He grew up to have 20 inch neck affixed to his short and squat frame. A pupil of Warren Lincoln Travis, the 1920s Coney Island strongman, Rolino once raised a carousel with 14 people on it. He also utilized nothing more than a pinch grip to do hundreds of pull-ups on a 2×4 beam, and once used his back to lift 3,200 pounds.

During this time he billed himself as the Strongest Man in the World.

“Joe is the real deal,” said Pete Spanakos, who along with his brother Nick ruled the New York City and national Golden Gloves tournaments in the 1950s. Nick went on to represent the United States at the 1960 Olympic Games in Rome. While there, he roomed with Cassis Clay, who later changed his name to Muhammad Ali.

If you believe that someone as muscular as Rolino could not box effectively or with any degree of fluidity, think again. When asked to show his form as a boxer, the centenarian Rolino shadow-boxed beautifully. He threw combinations with aplomb, parried imaginary punches, and dipped like a man 80 years his junior. After his one minute display of fistic derring-do, he was not even the least bit winded.

To say he is a physical marvel, would be a gross understatement.

“If he told me he was 75, I would have said he looked great for his age,” said the extremely fit Arthur Perry, 61, a retired NYPD detective who boxed in the NYC Golden Gloves in the mid 1960s. “When he started shadow boxing, I couldn’t believe my eyes.”

As much as Rolino enjoyed boxing, he was more drawn to what was once called “the iron game” because of the relative purity of that business.
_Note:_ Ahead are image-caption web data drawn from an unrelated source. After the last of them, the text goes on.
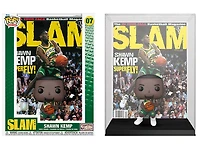 Funko Pop! Sports NBA - SLAM COVER SHAWN KEMP SEATTLE SONICS #07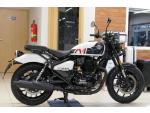 Klikněte pro detailní foto č. 3 - Royal Enfield Shotgun 650 Stencil White ( odpočet DPH )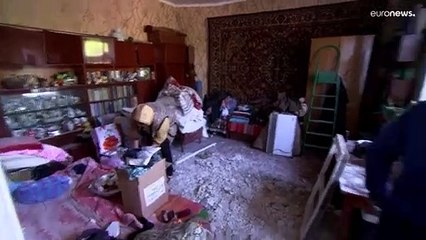 "Северодонецку грозит судьба Мариуполя"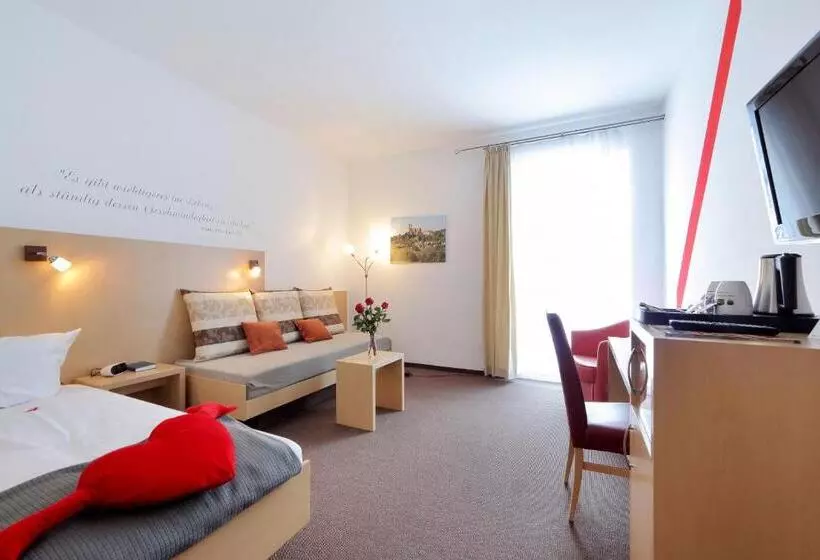 スタンダードルーム, Aalener Römerhotel Awl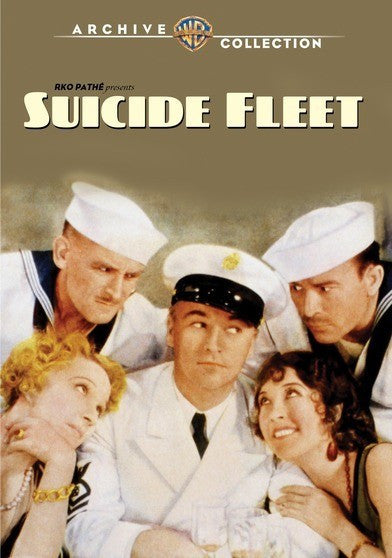 Suicide Fleet (MOD) (DVD Movie)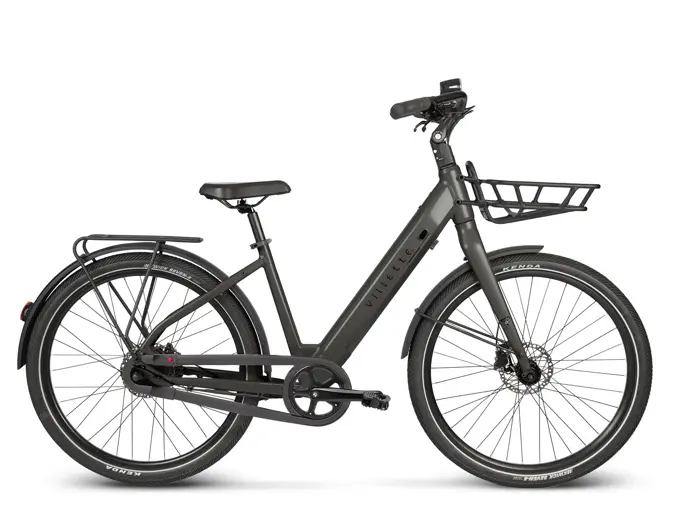 Extreme RM Automatic ebike Villette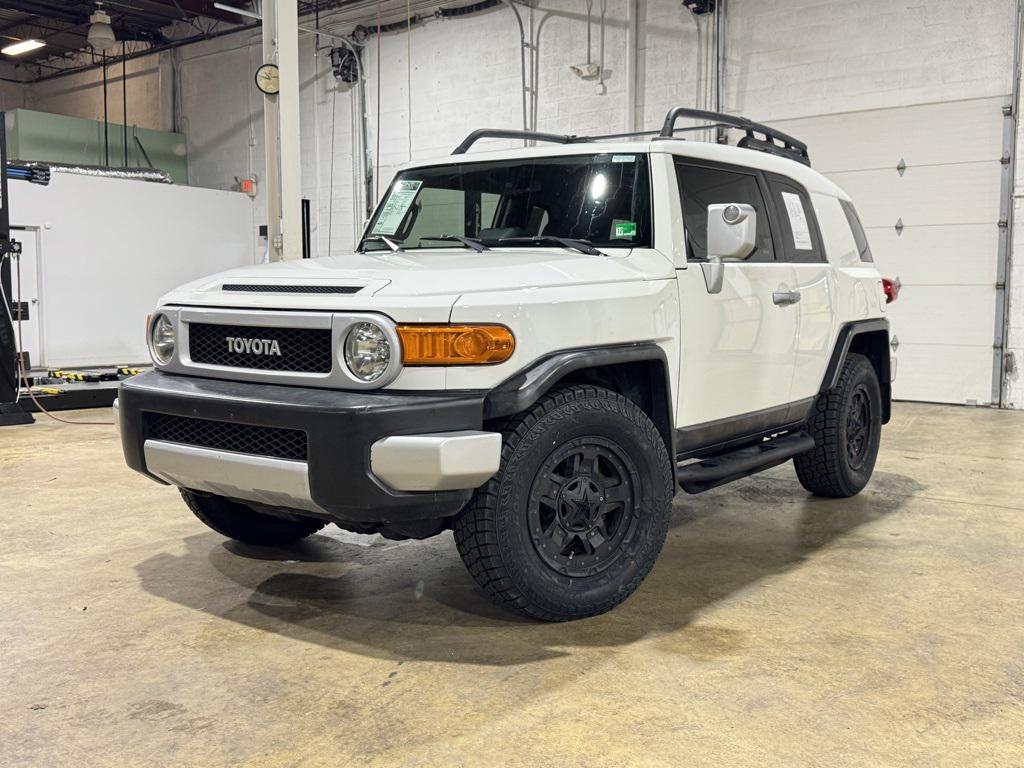 used 2011 Toyota FJ Cruiser car, priced at $17,695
This was long before steroids were in vogue, so those who toiled in the small but close-knit community had good reason to be proud of their accomplishments.

“There was a lot of corruption in boxing,” said Rolino, a lifelong vegetarian who still has all of his own teeth, eats oatmeal every morning and walks several miles a day. “I was introduced to this world at the age of 10, so I’ve been going at it for over 90 years.”

Four decades ago Louis “Arms” Leccese, now 61, was a youth on the fence, who could have gone either way if fate didn’t intervene. He had developed an affinity for arm wrestling, and Rolino took him under his wing. Leccese wound up winning the national AAU title in the early 1970s.

“He trained me on a lat machine with a chain,” said Leccese. “We started with 25 pounds, snapping the weight down like it was someone’s arm. We finished up at 225 pounds. No steroids in those days, this was all legit.”

While Rolino’s exploits as a strongman are well chronicled in Coney Island lore, there are other aspects of his life that are a bit more cryptic. The more than 20 revelers in attendance all wore T-shirts that read “The Great Joe Rollino” (sic), and all waxed poetically about what a positive impact he has had on their lives.

Many of the men, who are now in their 70s, say he was like a father to them. He guided them through tough times, and enabled them to focus on esoteric achievements.

Rolino grew up in South Brooklyn. His mother being a vegetarian was as unusual in those days as the young Rolino’s superhuman strength. For Brooklyn kids back then, Coney Island was the world. The impressionable Rolino grew up fast amid the fellow strongmen, bearded ladies and other assorted performers.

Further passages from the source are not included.